Comment se sent-on lorsqu’on consulte le compte de cette influenceuse ou celui de cette vedette ? Si on a l’impression d’être inadéquat, que l’on se compare ou que l’on se sent dévalorisé, mieux vaut cesser de suivre cette personne, suggère Stéphanie Léonard. Elle insiste sur l’importance de faire une utilisation bienveillante des réseaux sociaux.

On veut que ce soit du contenu qui nous fait du bien et qui nous inspire.

Stéphanie Léonard, psychologue et fondatrice de l’organisme Bien avec mon corps

Une portée limitée

« Les réseaux sociaux, c’est un espace que l’on peut voir comme étant plus démocratique où les personnes marginalisées peuvent prendre la parole, avoir une audience, faire passer un message, alors que ce ne serait pas possible dans des formes de communication plus traditionnelles », souligne pour sa part Marina M. Doucerain, professeure de psychologie à l’UQAM. La portée du message est toutefois limitée à certains groupes.

Les médias sociaux sont beaucoup organisés en bulles. C’est lié au phénomène des chambres d’écho. Les algorithmes nous envoient des choses qu’on veut voir, qui nous ressemblent. Si on est quelqu’un qui aime ce genre de diversité, on va se retrouver dans une bulle qui montre cette diversité-là.

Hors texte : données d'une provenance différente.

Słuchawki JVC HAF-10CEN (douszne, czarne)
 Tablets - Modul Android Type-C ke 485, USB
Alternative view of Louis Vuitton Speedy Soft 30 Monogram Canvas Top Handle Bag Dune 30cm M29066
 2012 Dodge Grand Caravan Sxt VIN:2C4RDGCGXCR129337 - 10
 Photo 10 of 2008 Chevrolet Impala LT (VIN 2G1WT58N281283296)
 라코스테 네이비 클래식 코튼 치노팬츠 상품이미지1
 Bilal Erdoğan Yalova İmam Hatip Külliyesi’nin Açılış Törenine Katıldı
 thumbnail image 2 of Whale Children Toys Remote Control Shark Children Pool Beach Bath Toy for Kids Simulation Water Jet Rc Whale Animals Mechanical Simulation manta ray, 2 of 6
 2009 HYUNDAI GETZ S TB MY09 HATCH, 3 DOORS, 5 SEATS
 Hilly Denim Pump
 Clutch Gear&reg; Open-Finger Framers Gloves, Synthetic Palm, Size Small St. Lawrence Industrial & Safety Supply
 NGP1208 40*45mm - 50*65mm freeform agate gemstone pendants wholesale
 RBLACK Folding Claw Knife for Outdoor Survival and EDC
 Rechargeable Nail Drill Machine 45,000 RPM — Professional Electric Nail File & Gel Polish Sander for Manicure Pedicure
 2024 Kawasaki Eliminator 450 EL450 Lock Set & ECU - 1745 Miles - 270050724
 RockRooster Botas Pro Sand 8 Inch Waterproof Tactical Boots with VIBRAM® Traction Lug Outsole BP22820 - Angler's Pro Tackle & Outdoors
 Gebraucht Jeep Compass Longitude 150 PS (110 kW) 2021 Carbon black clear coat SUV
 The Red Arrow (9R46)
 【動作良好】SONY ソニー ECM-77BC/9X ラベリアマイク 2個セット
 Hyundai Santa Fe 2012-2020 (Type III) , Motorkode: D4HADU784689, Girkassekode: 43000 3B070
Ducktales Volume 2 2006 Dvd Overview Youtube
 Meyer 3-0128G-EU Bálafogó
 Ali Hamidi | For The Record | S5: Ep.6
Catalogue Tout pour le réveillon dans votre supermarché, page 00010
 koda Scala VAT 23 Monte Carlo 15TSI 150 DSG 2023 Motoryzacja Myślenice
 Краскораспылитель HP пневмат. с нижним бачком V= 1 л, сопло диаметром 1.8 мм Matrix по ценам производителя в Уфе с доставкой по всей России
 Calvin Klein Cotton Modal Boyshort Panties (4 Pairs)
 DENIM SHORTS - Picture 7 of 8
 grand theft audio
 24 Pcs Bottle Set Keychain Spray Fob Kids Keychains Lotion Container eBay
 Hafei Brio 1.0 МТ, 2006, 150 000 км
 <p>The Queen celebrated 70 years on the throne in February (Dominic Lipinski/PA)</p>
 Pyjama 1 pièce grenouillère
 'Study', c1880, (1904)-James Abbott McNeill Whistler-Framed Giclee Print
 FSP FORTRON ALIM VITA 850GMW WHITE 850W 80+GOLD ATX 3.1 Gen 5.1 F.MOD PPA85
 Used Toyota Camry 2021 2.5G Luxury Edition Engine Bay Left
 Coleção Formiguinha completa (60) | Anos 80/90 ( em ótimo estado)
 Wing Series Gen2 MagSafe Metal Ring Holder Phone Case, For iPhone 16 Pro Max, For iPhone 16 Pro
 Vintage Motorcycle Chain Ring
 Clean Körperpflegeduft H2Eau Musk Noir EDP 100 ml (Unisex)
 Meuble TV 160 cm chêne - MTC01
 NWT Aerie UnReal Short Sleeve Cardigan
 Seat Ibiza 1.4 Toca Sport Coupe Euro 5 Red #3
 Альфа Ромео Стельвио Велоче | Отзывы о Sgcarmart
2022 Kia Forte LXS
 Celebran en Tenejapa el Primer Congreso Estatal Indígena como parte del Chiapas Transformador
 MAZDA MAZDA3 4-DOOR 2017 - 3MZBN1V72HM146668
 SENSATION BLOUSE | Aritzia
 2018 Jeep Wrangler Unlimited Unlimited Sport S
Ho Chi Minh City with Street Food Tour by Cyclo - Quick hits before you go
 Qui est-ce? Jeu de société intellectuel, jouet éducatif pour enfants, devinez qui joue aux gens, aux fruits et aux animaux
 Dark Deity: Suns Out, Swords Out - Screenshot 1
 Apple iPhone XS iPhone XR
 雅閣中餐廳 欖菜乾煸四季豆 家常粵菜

Marina M. Doucerain, professeure de psychologie à l’UQAM

Les images des personnes marginalisées se limitent donc aux frontières des groupes qui veulent les voir.

La normalisation des corps marginalisés sur les réseaux sociaux est une bataille menée principalement par les femmes, indique Chiara Piazzesi. Pourquoi ? Parce que, encore aujourd’hui, les femmes sont souvent réduites à leur apparence dans la société, dit-elle. « Il pourrait être temps d’axer la représentation des femmes sur autre chose que l’apparence », croit la professeure.

Lorsqu’elle rencontre des jeunes du secondaire avec son organisme Bien avec mon corps, Stéphanie Léonard remarque qu’ils sont ouverts à la diversité, autant sur les réseaux sociaux que dans la vraie vie. « L’endroit où je vois que ça accroche, c’est que les jeunes ont encore de la difficulté à appliquer ces concepts à leur propre perception d’eux-mêmes. »

En chiffres

50 % : Au Québec, la moitié des adolescents ne sont pas satisfaits de leur apparence physique.